From your study of distribution functions and densities, you know that a distribution function F(x) = P(X ≤ x) completely characterizes a random variable's probabilistic behavior. Convergence in distribution (also written Xₙ →_d X or Xₙ ⟹ X) says that the sequence of distributions, as described by their CDFs Fₙ, approaches the distribution F — not that the random variables themselves get close. This distinction is crucial and is what makes convergence in distribution the weakest of the three main modes.

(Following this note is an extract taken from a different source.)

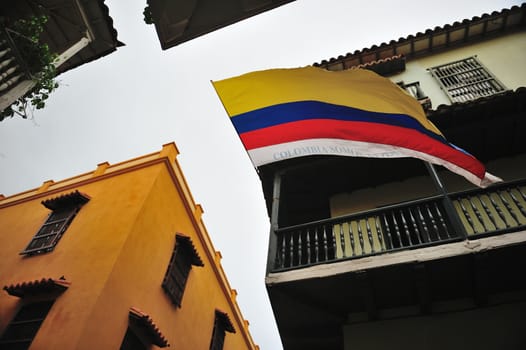 a big Colombia flag in balcony house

To understand why "weakest" is meaningful, consider what stronger convergence demands. Almost sure convergence says that the actual sample paths Xₙ(ω) converge to X(ω) for nearly every outcome ω — the random variables must be defined on the same probability space and their values must track each other. Convergence in probability says that P(|Xₙ − X| > ε) → 0, again requiring both to live on the same space and their values to be close with high probability. Convergence in distribution only requires that probabilities of events like {X ≤ x} converge — it says nothing about whether Xₙ and X are close as numbers in any specific sample. In fact, Xₙ and X don't even need to be defined on the same probability space, since only their marginal distributions matter.
The CDF definition has a subtle caveat: convergence is required only at continuity points of F. This is necessary because CDFs can have jump discontinuities, and at a jump, a sequence of CDFs could converge to either boundary value. At continuity points, this ambiguity disappears. The characteristic function criterion — that convergence in distribution is equivalent to pointwise convergence of characteristic functions φₙ(t) = E[e^{itXₙ}] — is often more tractable in proofs. Characteristic functions are always continuous and bounded, so no caveat about continuity points is needed, and Fourier-analytic tools become available.

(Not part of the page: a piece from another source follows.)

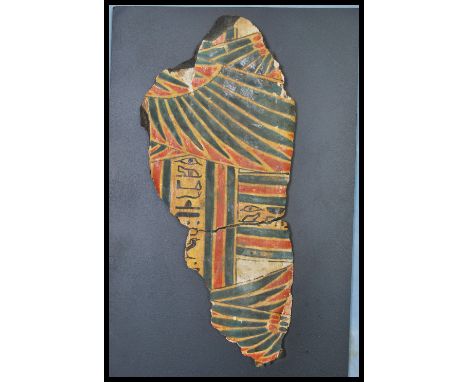 An Egyptian sarcophagus fragment being painted in red, blue and black with hieroglyphics and painted falcon wings with stripe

The Central Limit Theorem, which you'll encounter next, is the canonical example of convergence in distribution: for i.i.d. random variables with finite mean and variance, the standardized sums √n(X̄ₙ − μ)/σ converge in distribution to a standard normal N(0,1). Notice that this doesn't say the sample means literally converge to a normal — they converge in probability to μ by the law of large numbers. Rather, the *shape of their fluctuations*, properly scaled, approaches the normal distribution. Convergence in distribution is precisely the right tool for describing this kind of limiting shape, which is why it sits at the heart of classical probability theory.